Mucho se habla en este último trimestre del año y primero del curso 2023-2024 de lo que no han sabido ver los dirigentes de partidos de muy diferente signo, y de países muy diversos, a los que les han estallado conflictos imprevistos o han perdido elecciones ante formaciones de extrema derecha. En la mayoría de los casos, los politólogos y los propios afectados hablan de miopía o de no ser capaces de escuchar el descontento ciudadano latente en sus sociedades.

Pero esta miopía puede convertirse en una ceguera política absoluta que nos lleve a una catástrofe global si las clases dirigentes insisten en abordar los problemas de hoy con las viejas recetas del pasado, aunque éste haya sido glorioso para los imperios ya perdidos.
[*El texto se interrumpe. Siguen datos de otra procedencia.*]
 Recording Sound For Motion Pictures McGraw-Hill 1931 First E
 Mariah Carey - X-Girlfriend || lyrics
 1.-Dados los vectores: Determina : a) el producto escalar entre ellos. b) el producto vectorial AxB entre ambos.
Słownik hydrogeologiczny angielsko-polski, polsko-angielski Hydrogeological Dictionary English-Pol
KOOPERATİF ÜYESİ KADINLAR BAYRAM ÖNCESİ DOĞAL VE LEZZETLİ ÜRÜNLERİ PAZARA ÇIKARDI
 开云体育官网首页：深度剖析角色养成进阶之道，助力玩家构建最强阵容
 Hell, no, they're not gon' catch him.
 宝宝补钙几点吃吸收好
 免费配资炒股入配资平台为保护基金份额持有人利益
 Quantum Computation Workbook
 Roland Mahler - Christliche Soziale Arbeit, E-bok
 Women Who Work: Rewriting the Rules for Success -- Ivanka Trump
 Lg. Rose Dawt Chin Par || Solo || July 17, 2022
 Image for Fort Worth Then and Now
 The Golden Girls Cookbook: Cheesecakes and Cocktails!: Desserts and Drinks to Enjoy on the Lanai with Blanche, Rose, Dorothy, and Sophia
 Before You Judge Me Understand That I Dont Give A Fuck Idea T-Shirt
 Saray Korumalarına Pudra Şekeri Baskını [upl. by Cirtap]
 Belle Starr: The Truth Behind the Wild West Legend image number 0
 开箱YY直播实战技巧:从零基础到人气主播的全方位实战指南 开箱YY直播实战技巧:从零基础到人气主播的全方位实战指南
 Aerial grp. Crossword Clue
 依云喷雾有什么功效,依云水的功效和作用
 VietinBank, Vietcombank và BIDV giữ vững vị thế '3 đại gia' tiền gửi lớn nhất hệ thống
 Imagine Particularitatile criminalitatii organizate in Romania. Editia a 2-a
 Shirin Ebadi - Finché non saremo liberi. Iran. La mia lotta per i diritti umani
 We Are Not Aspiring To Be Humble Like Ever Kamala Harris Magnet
Lo estamos viendo en la actualidad, las respuestas bélicas, violentas o autoritarias a los distintos conflictos no los resuelven, los incrementan, como en el caso de Gaza, o los enquistan, como en la guerra de Ucrania, aumentando exponencialmente los daños colaterales a terceros.

La ceguera política más flagrante es el abordaje de la crisis climática derivada del calentamiento global y su consecuencia más inmediata: el incremento de las migraciones por el deterioro de las condiciones de vida ante la sequía y las guerras. La falta de agua por la drástica reducción de las precipitaciones es el máximo problema en todos los continentes, pero en los países desarrollados del norte se sortea todavía con dificultades por la existencia de unas infraestructuras hidrológicas de las que carecen los países del llamado sur global.

En España, sin irnos muy lejos, la amnistía actúa como el antifaz que impide ver el principal problema que tiene, que no es otro que la sequía y la escasez de agua en comunidades tan importantes y vitales como Cataluña, Andalucía, Castilla-La Mancha y Murcia. A la Generalitat catalana hay que recordarle que ni independencia, ni amnistía solucionan la sequía, un pareado que podría ser un eslogan. Los embalses que abastecen la conurbación de Barcelona y su área metropolitana están al 18%, el mismo porcentaje de agua embalsada de la cuenca del Guadalquivir. El Guadiana y el Segura también registran porcentajes que se sitúan a casi la mitad de la media de los últimos 10 años.

En el contexto descrito no debe sorprender que miles de personas arriesguen su vida por subirse a un cayuco o una patera para llegar a un mundo en el que todavía se produce el milagro de abrir un grifo y que salga agua o tirar de la cisterna, porque en su tierra el saneamiento es el privilegio de una minoría.

La solución no está en endurecer las leyes de asilo, construir muros en las fronteras o aumentar la altura de las vallas. Seguirán viniendo mientras no se invierta en desaladoras, redes de saneamiento y regeneración de aguas residuales para su empleo en el regadío de los cultivos que son vitales aquí en la península ibérica, en Marruecos, en el Sahel y en la Argentina de Milei.

El negacionismo de la evidencia nos conduce a la ceguera social y política más absoluta, y de ahí al colapso de los consensos democráticos, el paso previo para las dictaduras de los más crueles o los más locos.